Unit Plan 26 (PreK Science): Weather Engineering – Build a Shelter
PreK engineering unit where children design, test, and improve toy shelters to protect from rain, wind, or sun using hands-on building and revision.
Focus: Design and improve simple shelters that protect toys from rain, wind, or sun through building, testing, and revising.
Grade Level: PreK
Subject Area: Science (Engineering Design • Weather & Safety)

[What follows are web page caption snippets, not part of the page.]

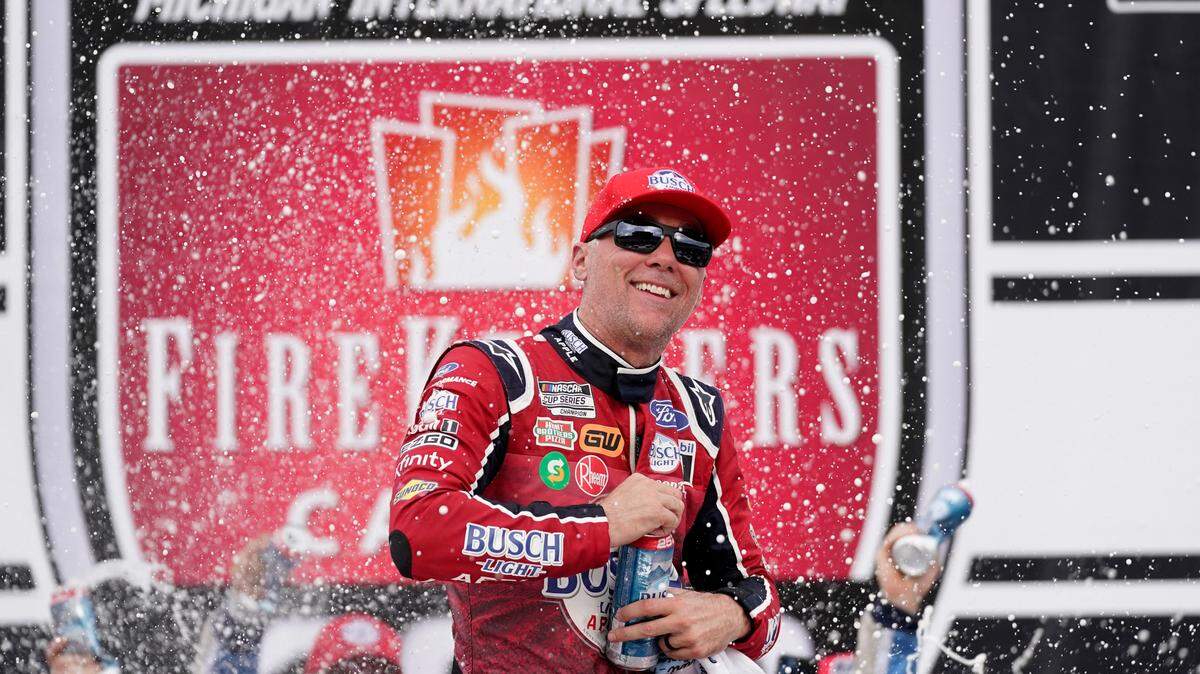 Kevin Harvick celebrates after winning the NASCAR Cup Series auto race at the Michigan International Speedway in Brooklyn, Mich., Sunday, Aug. 7, 2022. (AP Photo/Paul Sancya)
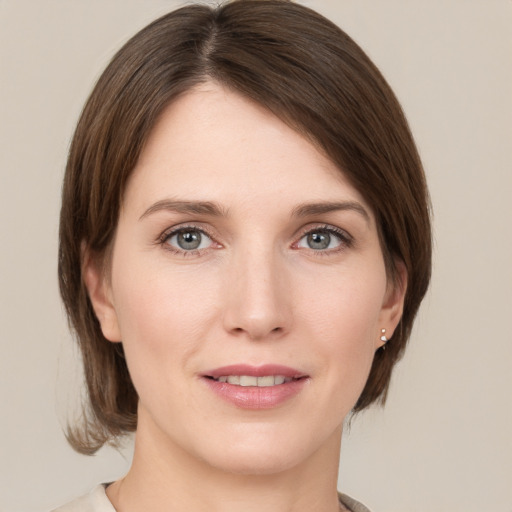 Joyful white young-adult female with medium  brown hair and grey eyes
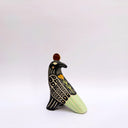 Ceramic sculpture of a black billed magpie, with stylized feather patterning in cream and mint green. On its back is a poppy flower and atop its head is a gold coin.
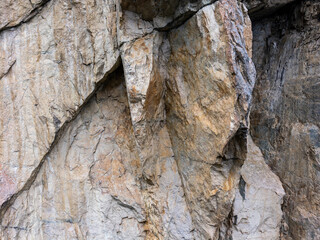 Rugged Cliff Face With Jagged Granite Rocks In A Natural Quarry Scene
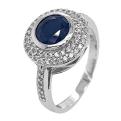 Кольцо из серебра с сапфировым корундом и фианитами родированное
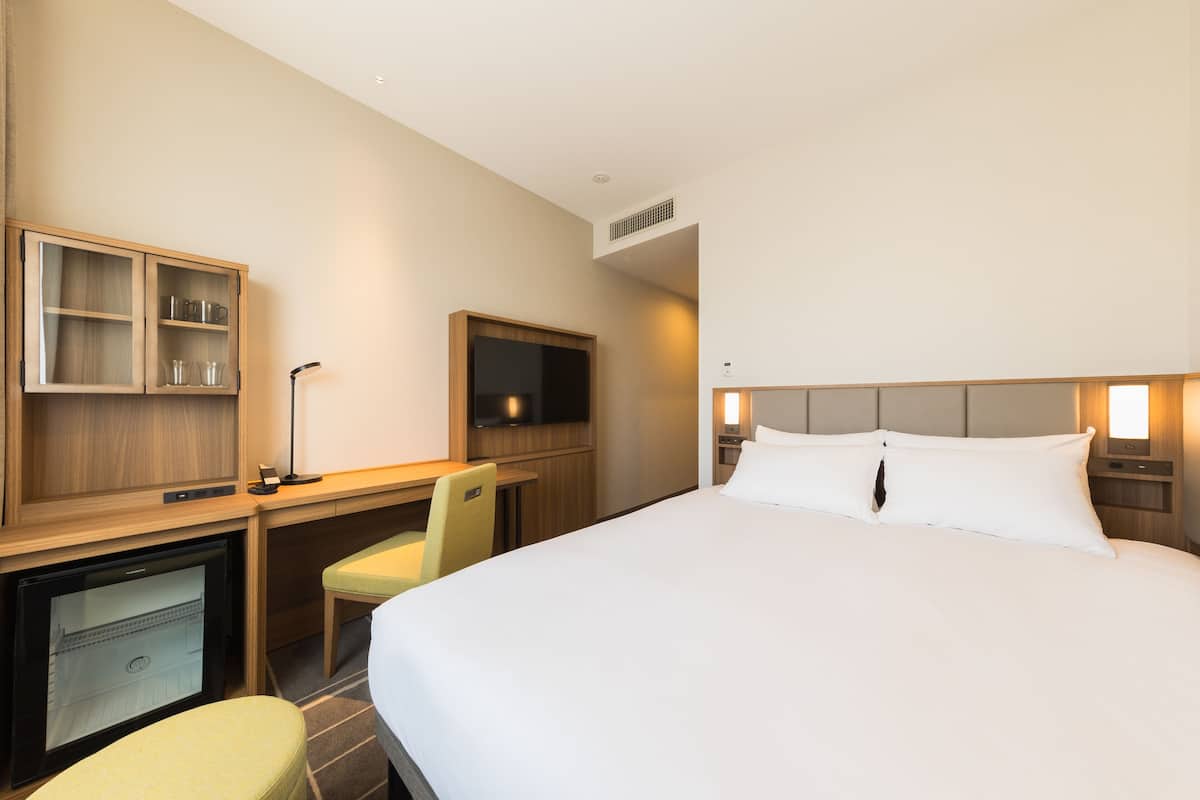 A hotel room with a bed, a desk with a chair, a television, and a minibar.
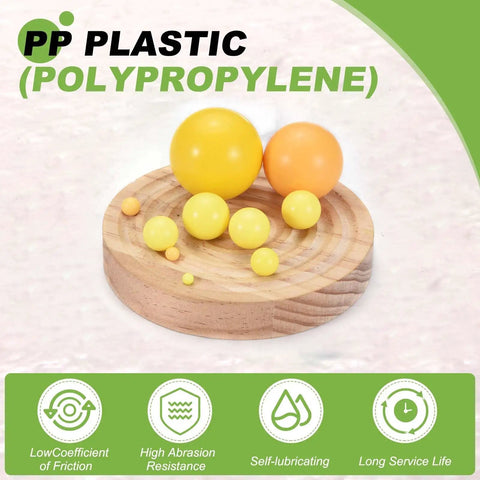 Hardcore 100 Piece Polypropylene Plastic Bearing Balls 5/32 Inch 3.94 mm Yellow G2 on wooden surface showcasing various sizes.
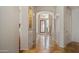 Hallway with travertine floors and archways leading to other rooms in the home at 7418 E Sandia Cir, Mesa, AZ 85207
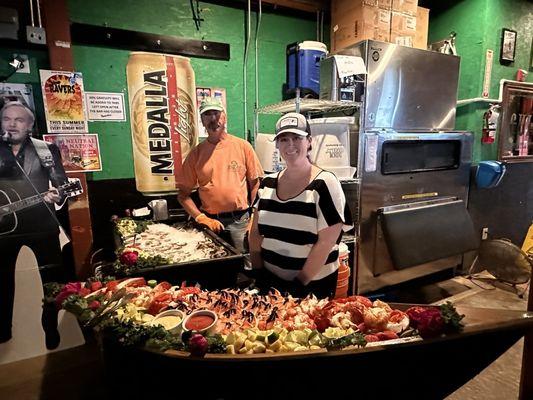 Oyster and clam raw bar in the back and a crab claw and lobster tail buffet in front.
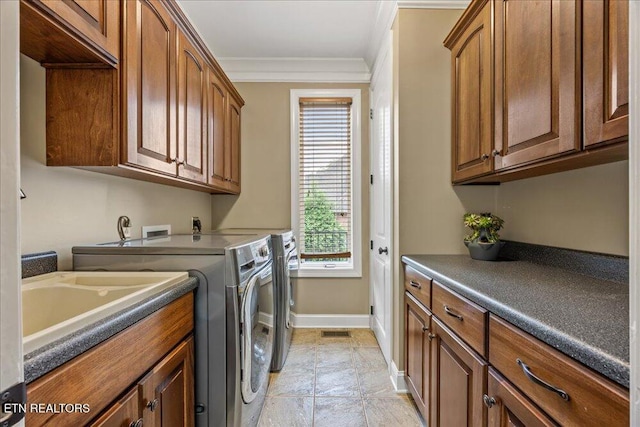 200 Bluffton Rd, Friendsville, TN 37737 - laundry room with washing machine and dryer, cabinet space, baseboards, and crown molding
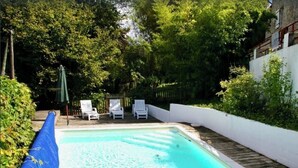 Une piscine avec trois chaises longues blanches et une couverture de piscine bleue.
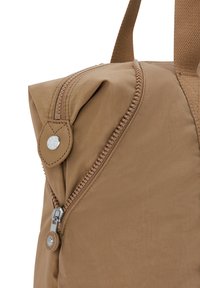 Tan nylon backpack with a curved top, zippered closure, and a leather accent near the zipper featuring a silver snap button. Textured fabric.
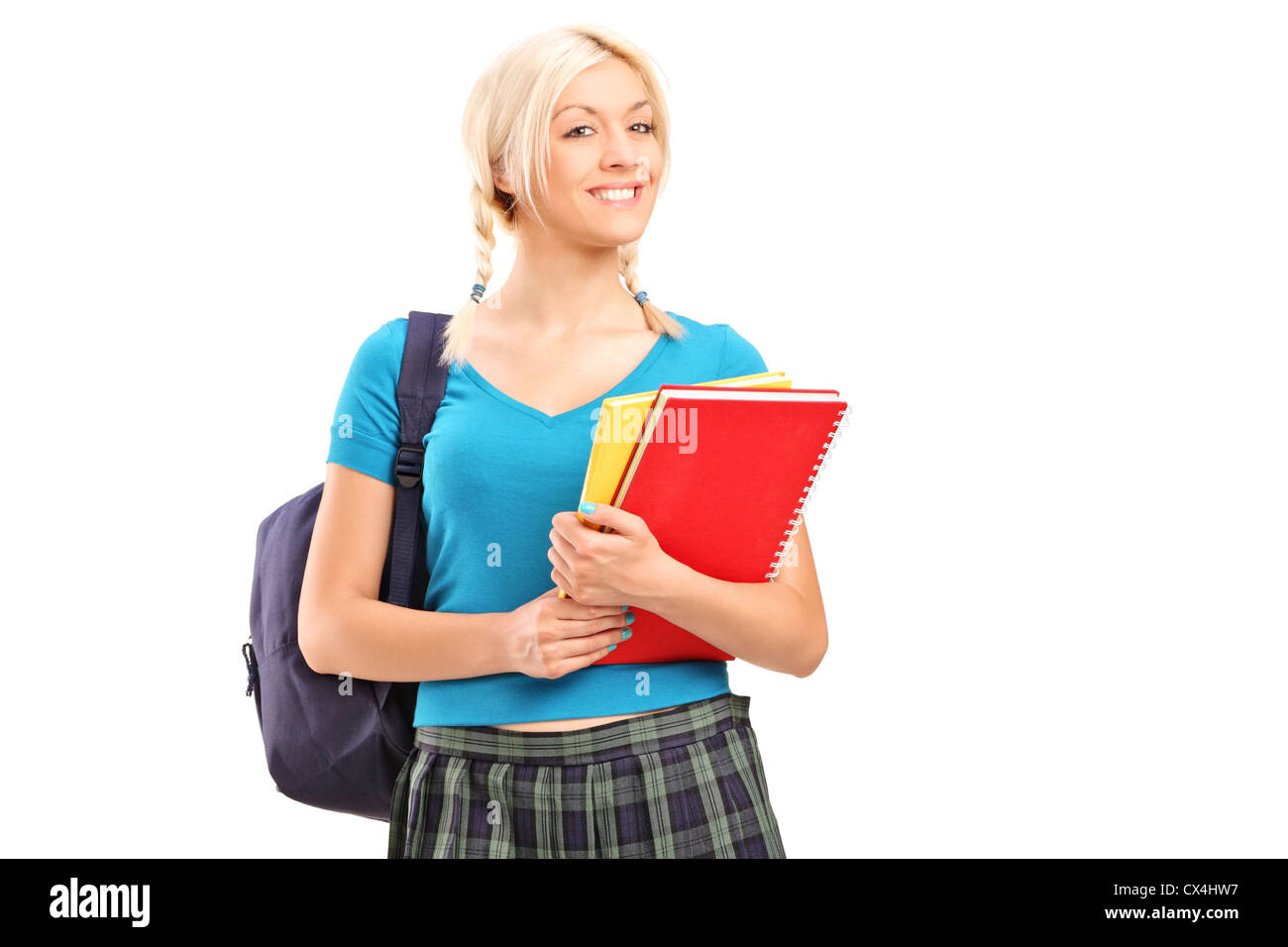 A smiling school girl walking and holding books isolated on white ...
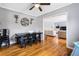 Dining room with hardwood floors, gray walls, and views into the living room at 1496 S Hairston Rd, Stone Mountain, GA 30088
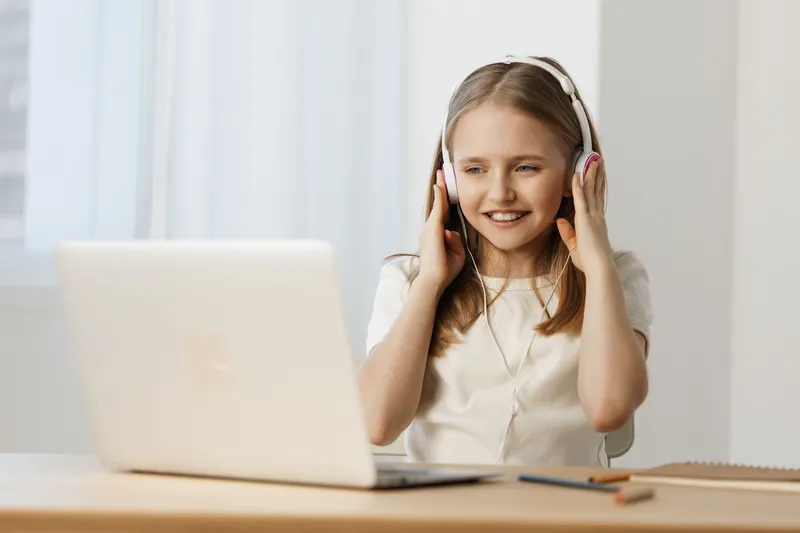 Happy girl with headphones enjoying music while working on a laptop in a bright, minimalist room A scene reflecting joy, technology, and focus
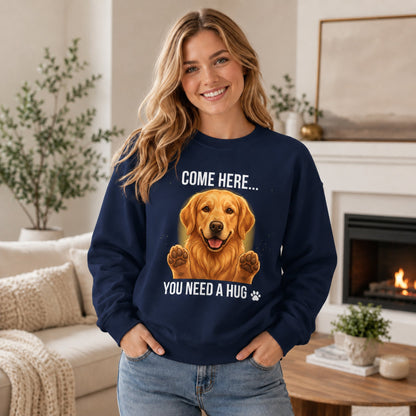 Woman wearing a navy Golden Retriever sweatshirt with “Come Here You Need a Hug” design in a cozy home setting.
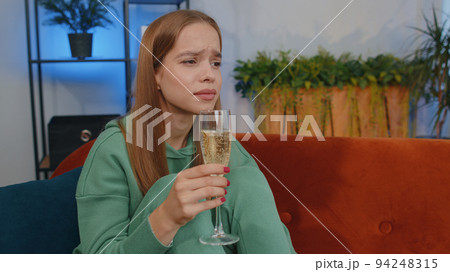 Sad depressed young girl girl suffers from unrequited love, drinking champagne, problem, bad news 94248315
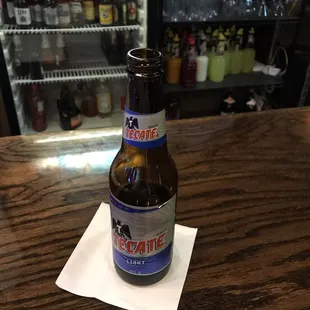 a bottle of beer on a napkin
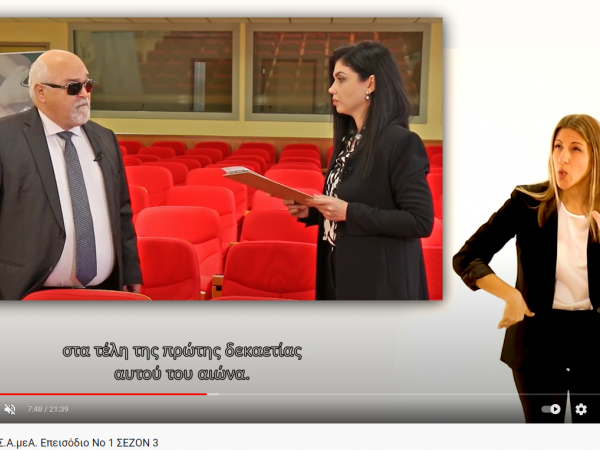 Ο Ι. Βαρδακαστάνης μιλά στην Νικολέτα Κανάκη, στη διερμηνεία Νοηματικής η Νεφέλη Ράντου, στο βάθος το αμφιθέατρο της ΕΣΑμεΑ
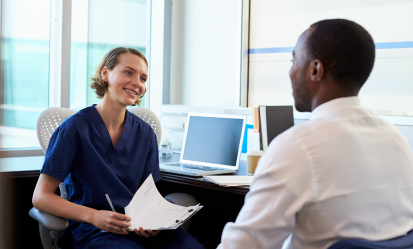 nurse talking to male employee in office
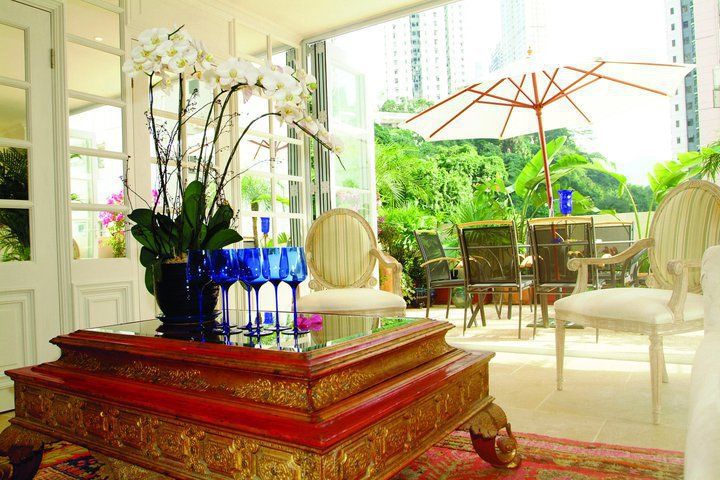 Guest Lounge Oui3 International Limited Colonial style houses Flower,Plant,Table,Property,Furniture,Building,Decoration,Window,Wood,Interior design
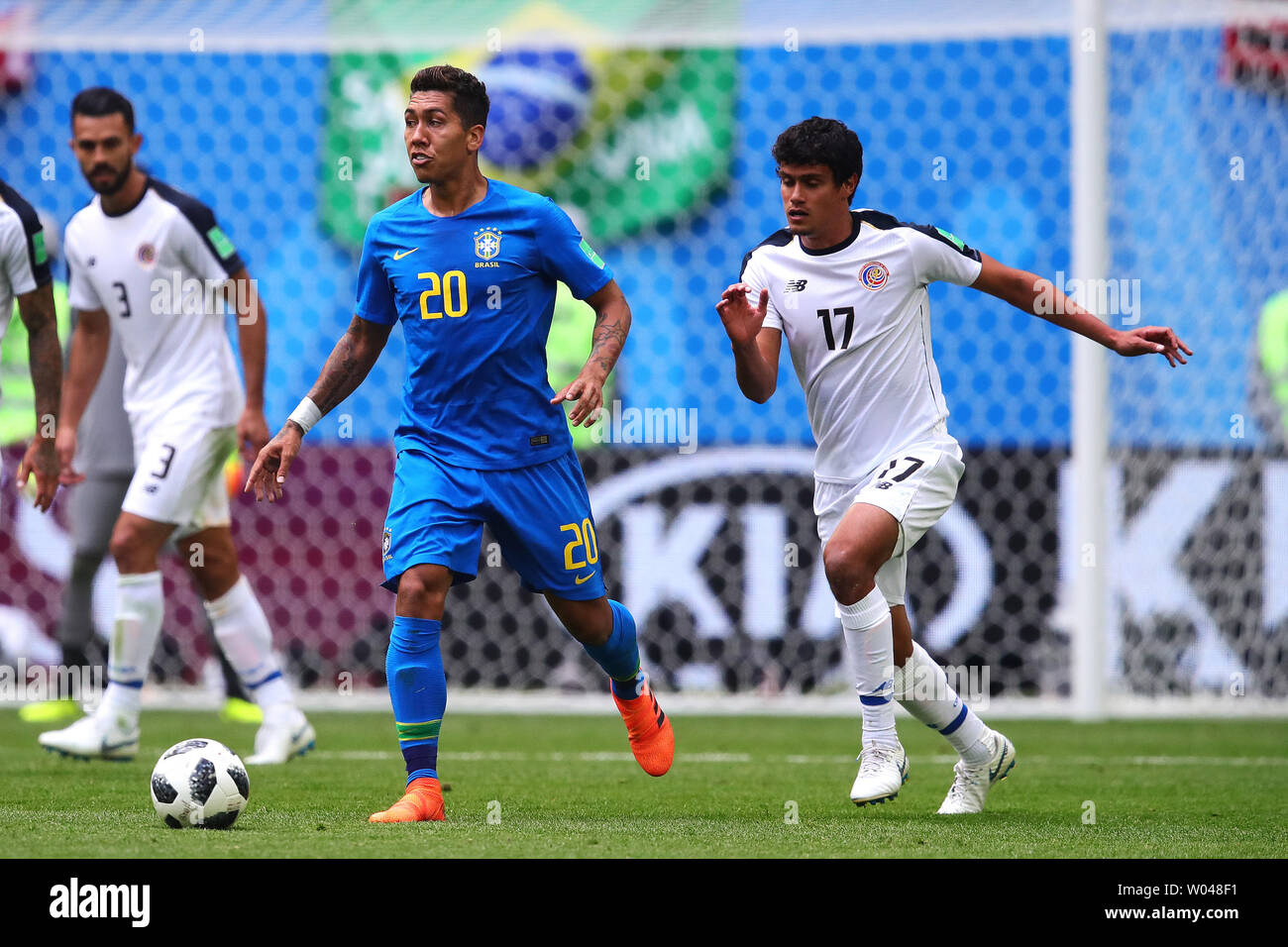 Roberto Firmino (L) of Brazil in action with Yeltsin Tejeda of Costa Rica during the 2018 FIFA World Cup Group E match at the Saint Petersburg Stadium in Saint Petersburg, Russia on June 22, 2018. Photo by Chris Brunskill/UPI Stock Photo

Total Unit Duration: 5 sessions (one week), 30–45 minutes per session
I. Introduction
In this playful engineering unit, children become “weather helpers” who design a small shelter for a toy (animal, person, or car) so it can stay safe during rain, wind, or hot sun. Children explore what shelters do (cover, block, hold steady), then build with classroom materials, test with simple “weather” tools (spray bottle for rain, fan for wind, flashlight for sun), and notice what happens.
Across the week, children practice the core engineering habits of build → test → improve by making changes when a shelter falls over, leaks, or doesn’t block the weather. The unit ends with a short “Shelter Showcase” where children explain what they built and how they improved it.
Essential Questions
- How does a shelter help keep something safe during different kinds of weather?
- What happens to a shelter when we add rain, wind, or bright “sun” (light)?
- How can we change a design to make it work better after we test it?
II. Objectives and Standards
Learning Objectives — Children will be able to:
- Describe a simple problem (a toy needs protection from rain, wind, or sun).
- Build a simple shelter using classroom materials (blocks, cardboard, fabric, tape).
- Test the shelter using a teacher-guided “weather test” and describe what happened using words or gestures (wet/dry, fell/stayed, covered/not covered).
- Make at least one change to improve the shelter after testing (stronger base, bigger roof, more supports).
- Share their design with a simple explanation: “My shelter helps because it ____.”
Standards Alignment — PreK (NGSS-based custom)
- PK-ETS1-2 — Build and test simple structures using a variety of materials.
- Example: Build a toy shelter with blocks and cardboard, then test it with “rain” or “wind.”
- PK-ETS1-3 — Make changes to improve a design after testing.
- Example: Add a wider roof or stronger supports after the first test fails.
Success Criteria — Student Language
- I can build a shelter for my toy.
- I can test my shelter with rain, wind, or sun.
- I can tell what happened: “It stayed dry / It got wet / It fell / It stayed.”
- I can fix it by changing something to make it better.
- I can show my shelter and say how it helps my toy.